Après quelques heures de sommeil, la lumière du jour me permet de constater le spectacle qui se dresse devant mes yeux. Aujourd'hui c'est la fête de Tabasky, aussi appelée Aid el Kebir, rappelant dans la tradition musulmane le sacrifice d'Abraham. Une atmosphère de fête nouvelle. La fameuse hospitalité sénégalaise m'embrasse à peine arrivé, je suis invité chez une famille à partager ce moment particulier et à déguster l'agneau qui a été tué plus tôt dans la matinée. Un pour chaque famille, mêlant dans la rue le sang de la bête sacrifiée aux restes de la pluie de la veille. Le déjeuner est délicieux, l’atmosphère festive. Nous mangeons dans le même plat et est attribué à une personne le partage du morceau de viande placé au milieu du riz et des légumes. Le reste de la journée est simple, nous nous asseyons devant la maison a regarder la parade des gens qui pour l'occasion se sont habillés de boubous traditionnels neufs. Hommes, femmes, enfants, tous se prêtent au jeu, certain portent même des plats dans leur mains ou sur la tête. Ils vont à la rencontre de leurs voisins et amis de confession différente afin de les intégrer à ''la grande fête".

Et chaque personne qui passe devant la maison où nous nous trouvons marquent un temps d'arrêt; "qui sont ces deux Toubabs et que font-ils perdus dans le quartier populaire de Grand-Yoff ?" semblent-ils se dire. Certains ont des regards hostiles, d'autres viennent subitement nous saluer, et surtout presque tous les enfants nous regardent avec des grands yeux écarquillés. Certains repassent plusieurs fois devant nous pour nous observer plus attentivement. Amusé par ce manège, je comprend aussi qu'ici rien ne me permettra de me fondre dans la masse, de devenir invisible afin de cueillir l'altérité sans qu'elle se sente observée.

Et les jours qui suivirent ne firent que confirmer ce sentiment. Quand je me promène dans les différents quartiers, soit les enfants qui jouent dans la rue se mettent à crier "Toubab, toubab" soit on peut entendre le grognement des cochons, aucune trace de l'animal, seulement du stéréotype du Blanc tout rose et mangeur de viande porcine. De la même manière les adultes nous observent du pas de leur porte, ou nous assaillent pour nous vendre n'importe quelle chose commercialisable ou bien encore nous proposer une visite en échange de quelques milliers de francs CFA. Car ici le blanc est a priori riche, la couleur de notre peau est symbole de pouvoir économique, et dans cette ville monumentale cohabitent les ultras riches avec certaines qui ont des difficultés à gagner mille francs par jours.

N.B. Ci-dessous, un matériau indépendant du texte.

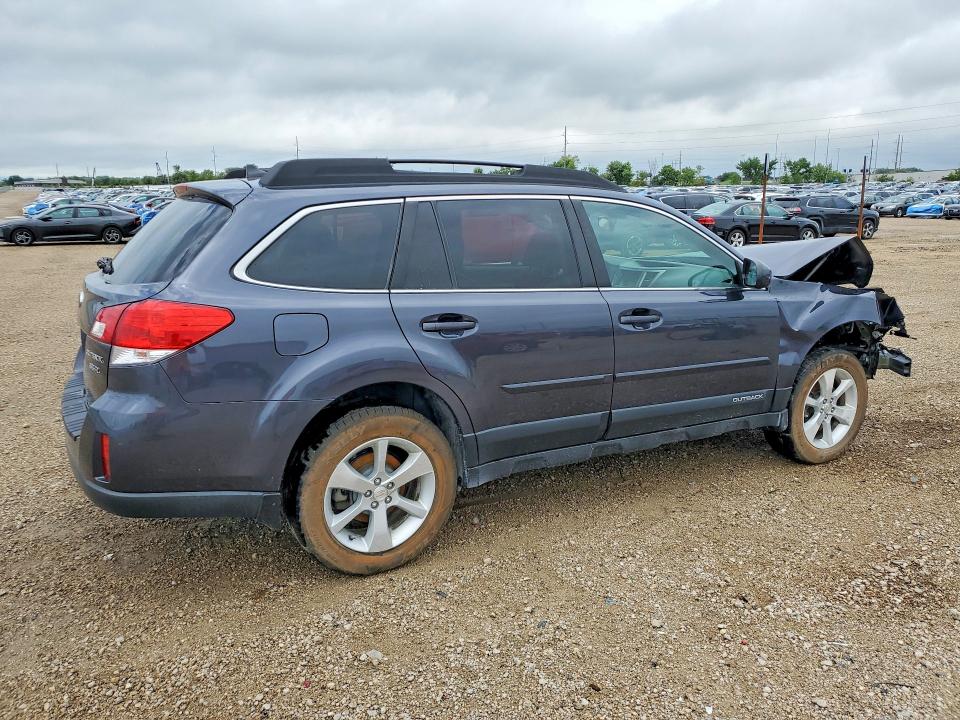 Продажа на аукционе авто 2013 Subaru Outback, vin: 4S4BRDPC2D2202639, номер лота: 57414256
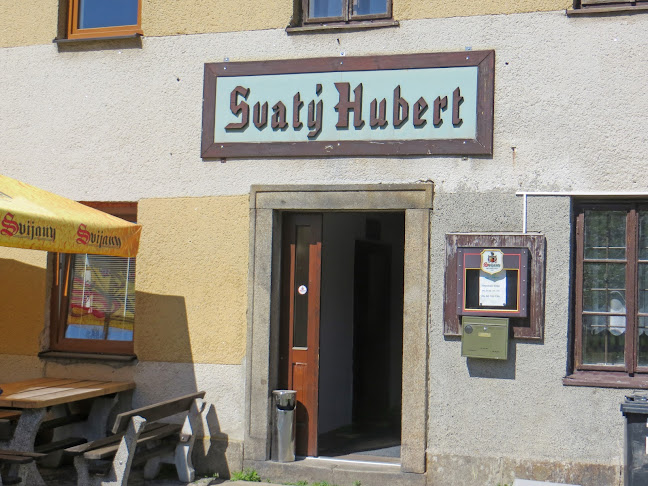 Svatý Hubert - Mikulášovice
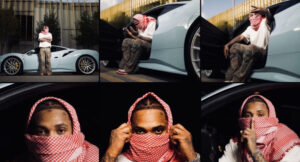 Toure - LONG STORY SHORT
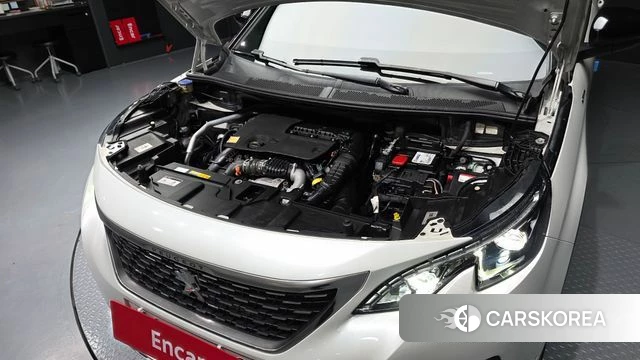 Peugeot 3008 second generation id 4397947 из Кореи 16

Ainsi le premier impact, la première sensation et le premier enseignement reçu ici a été de comprendre ce que cela signifie être étranger. Le sens profond d'évoluer sur une terre qui n'est et ne sera jamais tienne, dont certains individus pourront peut-être t'adopter mais dont jamais tu ne parviendras à te fondre dans le paysage.

 

Je clos ici le premier témoignage de mon expérience Dakaroise, loin d'être un récit complet et une réflexion détaillée je voudrais seulement proposer des inputs, des débuts de réflexions suscités par ma confrontation à un continent plein de contradiction peut-être, mais surtout plein d'enseignements et de rencontres qui humainement et intellectuellement sont et seront d'une richesse infinie.